Allan Border recently told our Test cricketers to embrace the "Australian way", an ambiguity he defined as playing "tough but fair cricket".
"You finished? Good. Now f*** off," Border told me when I interviewed him, rather innocuously, I thought, on a Gold Coast golf course in the early 1990s. He then turned to a handful of his suitably amused Australian teammates, standing on the first tee, to be rewarded for his arbitrary nastiness.
A few years earlier, in 1989, Border captained Australia to a shock 4-0 Ashes series win in England, employing a new enhanced aggression based on his belief that he would "rather win games and be seen as a prick" than stay the nice-guy losers he considered Australia at the time, said his then teammate, Merv Hughes, in the 2017 documentary Forged in Fire: Cricket's Greatest Rivalry.
The awakening saw Australia emerge from the miasma of the 1980s – including one win in 20 Tests and none at all in 14 matches in the mid '80s – and ushered in a golden age of Australian cricket, as Border’s captain successors, messrs Taylor, Waugh and then Ponting, adopted his blueprint.
It was a blueprint that led to unprecedented success. But it also established Australia as the longstanding pricks of international cricket – their ruthlessness marrying potently with rare talent, and morphing, shamefully, into the ball-tampering scandal.

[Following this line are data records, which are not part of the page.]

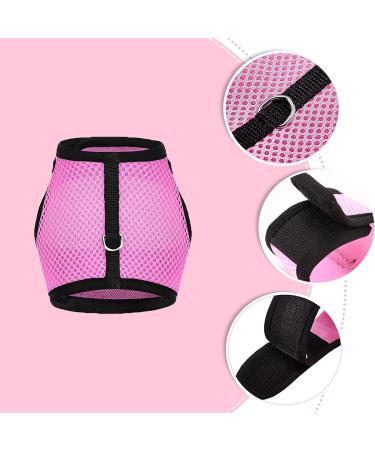 Adjustable Soft Rabbit Dishes & Mesh Harness - Outdoor Care for Small Pets (M Blue Pink) - Buy Online on SooperMarket.com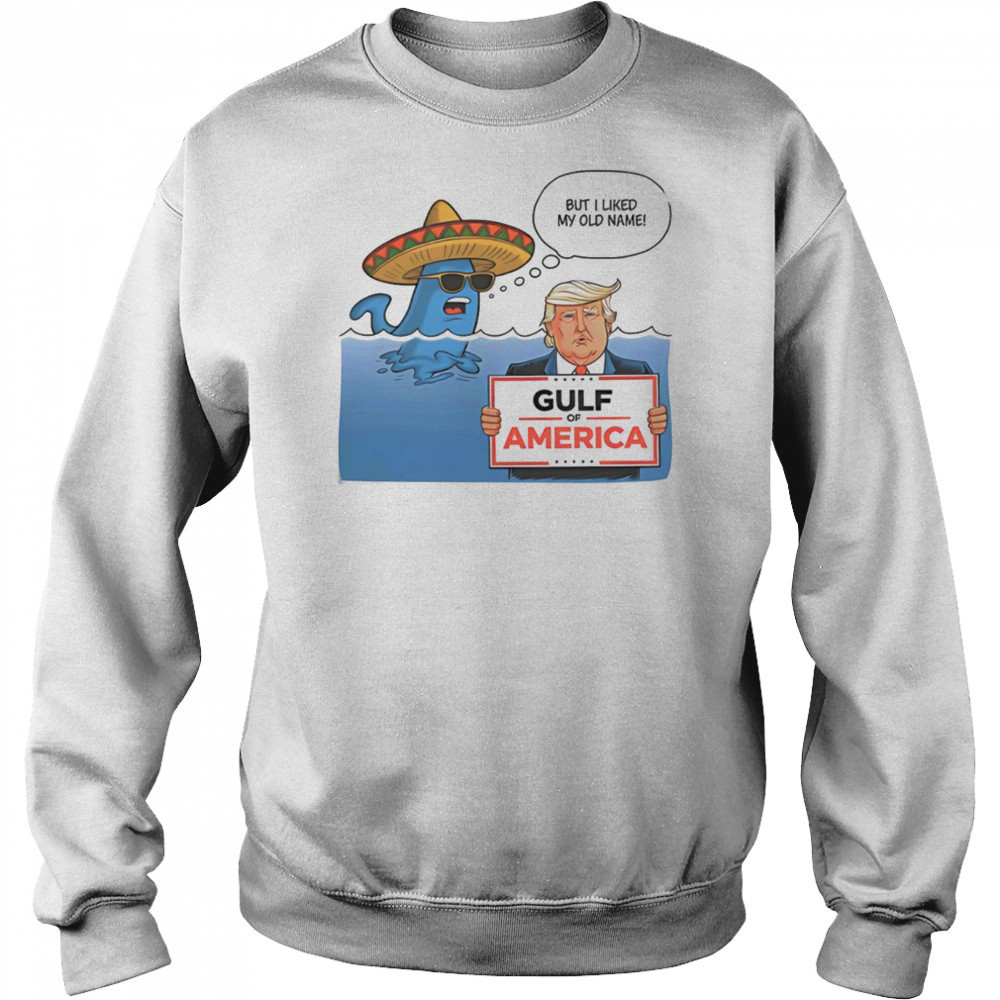 Gulf of America Trump parody meme but I liked my old name shirt Hoodie
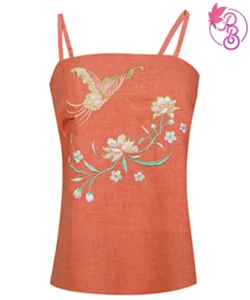 Monarch Butterfly Embroidered Camisole - Picture 1 of 3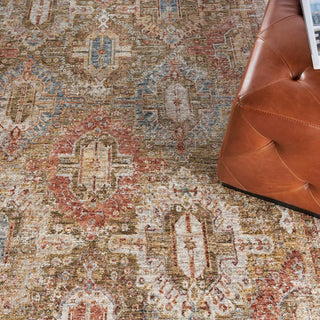 Nourison Petra PTR01 Green Area Rug Texture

In August, Border told foxsport.com.au this: “The first thing I’d be addressing is that we play the Australian way and get back on track there. Yes, we want to get back to playing tough, uncompromising cricket, but there’s a spirit of play in the game. Australian teams have always done that really well – tough cricket but fair. Maybe we’ve got a little bit away from that in the past.”
Some would argue that Australia often betrayed the spirit of the game over a lengthy period, as Sharda Ugra, senior editor of ESPNcricinfo, posited in an article in March, when he wrote: "Don't mean to be intemperate or rude or politically incorrect, but why is it that whenever there is an epic-proportion bust-up in international cricket, Australians are almost always involved?"
In the wake of the ball-tampering affair, and under the leadership of new captain Tim Paine and new coach Justin Langer, Australia began their two-Test series against Pakistan in the UAE on Sunday, with Paine promising that sledging would be outlawed under his leadership.
In April, he said: "I think there's always a time and a place to talk to your opposition. But I think what's said and how it's said will be very different going forward."
As with Border all those years ago, Paine inherited one of Australia's weakest ever sides. However, the players under his watch presumably won't greet a “hello” from opponents with an expletive, a tactic adopted by Border's team in the triumphant 1989 Ashes series.
Border’s creation turned into a monster – Frankenwarner. What will become of Paine's? Kim Hughes-esque?